As expected several former softball players could be seen taking in the game. Among them was 2012 graduate Kiara Kaleel, who pitched the Clippers to their first two regional titles in program history, as well as Brooke Lovgren, who was an integral part of the Clippers' first three regional crowns before graduating last year.

"This is so exciting, and I couldn't be happier for my former teammates," Lovgren said. "Obviously every athlete dreams of getting down to state, and it was a year too late for me, but just being able to see Amboy play at a state tournament is just so amazing."

But it's not just amazing for the former softball players. It's been 30 years since Amboy won the state football title in 1984, and they have never had a team play in a tournament-style state event … until now.

And there were plenty of former Amboy boy athlete standouts showing their support as well. I spotted Travis Nauman hugging his younger sister Hallie, a freshman call-up for the postseason. Another former multi-sport star, Tyson Powers, was there to watch girlfriend Kaitlyn Liebing, and liked what he saw from this band of spunky softballers.

"This has been a fun ride," Powers said, "and you see what it means to the whole town. They say there's a sea of red at Amboy games; well, we brought that whole sea down to East Peoria this weekend, and the girls represented the school, the town, and all of us so well."

And to think, the softball program has only been around a decade-and-a-half. That fact isn't lost on the current members of the team, who couldn't stop smiling as they posed for photos with family and friends with their fourth-place medals and trophy.

"We're so proud to be the first to have this success," senior Micaela McCoy said, "and I think we as a team – and the whole town – made the most of it."

Watching over the whole scene was Amboy athletic director George Schwamberger.

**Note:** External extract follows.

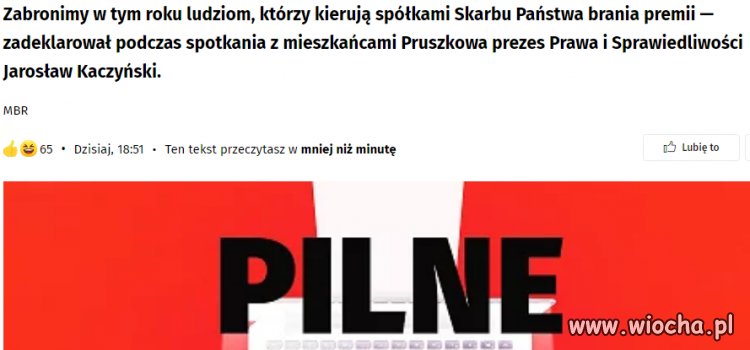 Jeśli nie będzie premii to będą nagrody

A longtime assistant football coach, he was smiling almost as wide as the girls as he leaned against the fence.

As AD, he was proud of the softball team, but also thinking about what it could mean to the entire Amboy sports program.

"This is great for softball in Amboy," Schwanberger said, "but this kind of thing helps everybody. The other athletes get a taste of this big stage, the whole town gets a taste, and every team is going to build off this."